##### Records for the task #####
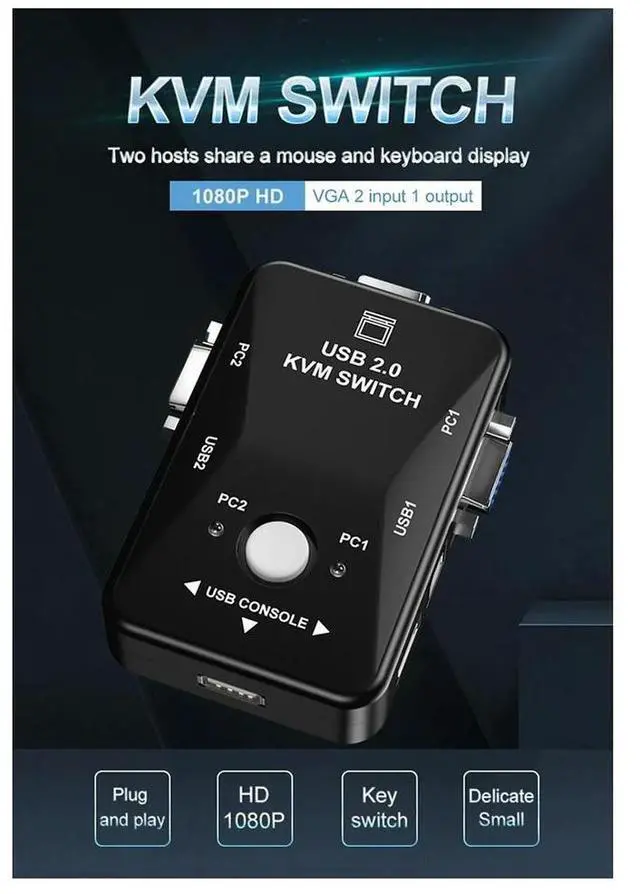 Alt view image 4 of 4 - Ageryu USB 2.0 KVM Mouse Switcher Keyboard VGA Splitter Box Sharing Switch USB KVM Switch 2 Port VGA SVGA Switch Box Durable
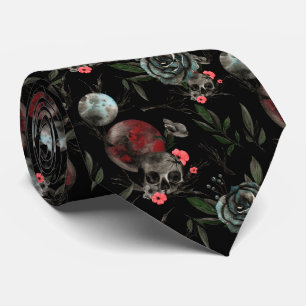 cool Gothic skull tiled pattern Neck Tie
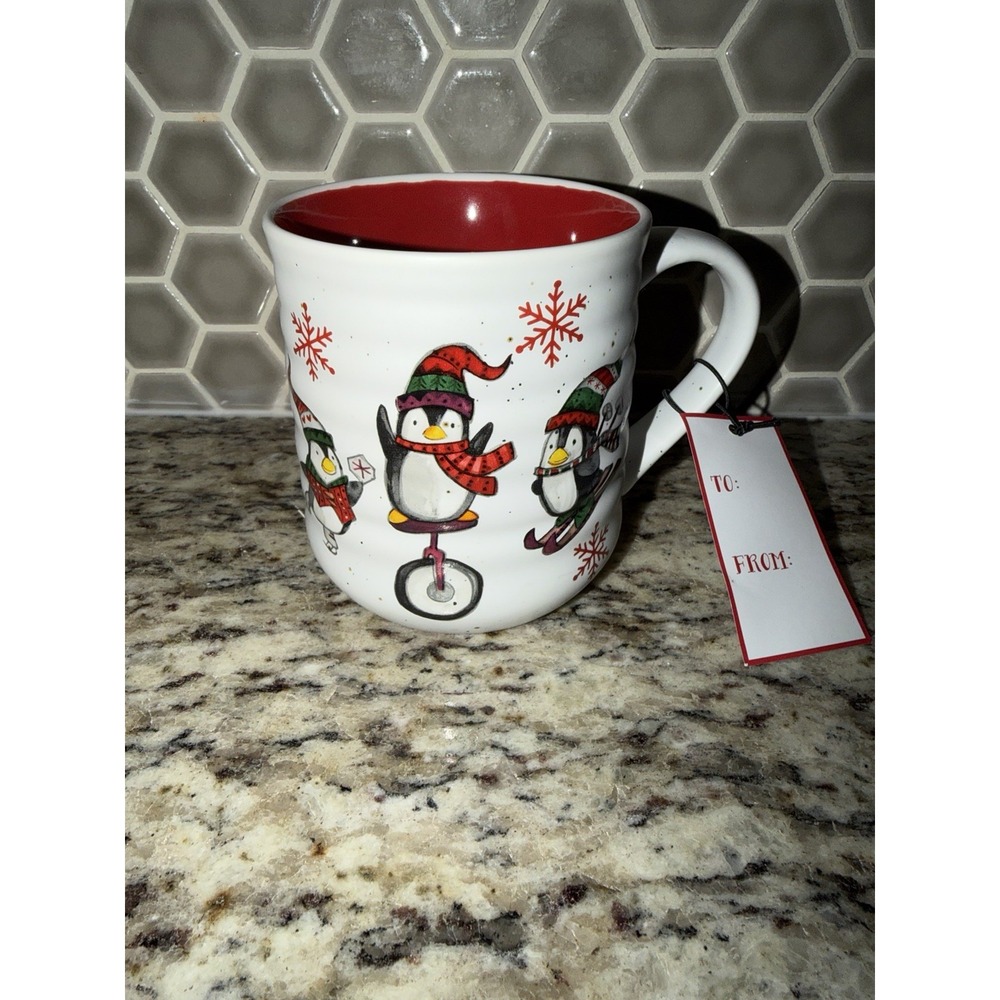 Peppermint & Pine Penguin Coffee Mug Winter 16 Ounces Collectable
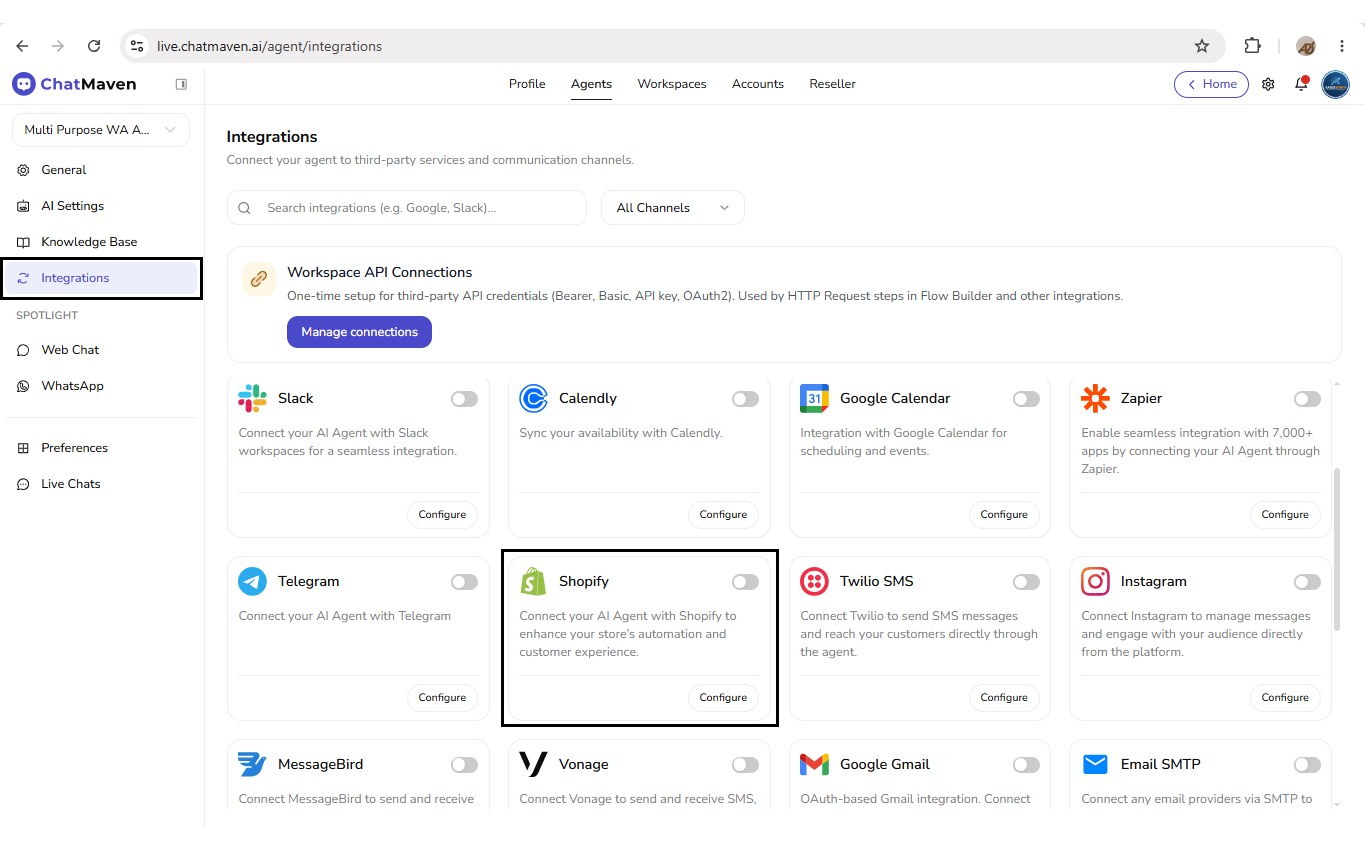 Step 1 — Integrations page with Shopify card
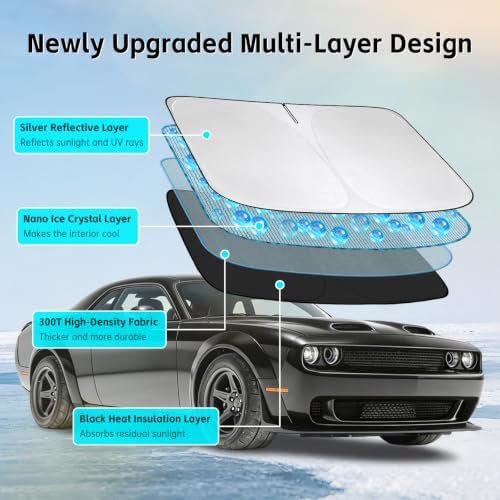 Windshield Sun Shade for Dodge Challenger 2015-2026 Sunshade - Image 3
#####
Aim of the exercise: Copy every line of the data exactly as written, excluding the pictures.

Result for this exercise:
 Alt view image 4 of 4 - Ageryu USB 2.0 KVM Mouse Switcher Keyboard VGA Splitter Box Sharing Switch USB KVM Switch 2 Port VGA SVGA Switch Box Durable
 cool Gothic skull tiled pattern Neck Tie
 Peppermint & Pine Penguin Coffee Mug Winter 16 Ounces Collectable
 Step 1 — Integrations page with Shopify card
 Windshield Sun Shade for Dodge Challenger 2015-2026 Sunshade - Image 3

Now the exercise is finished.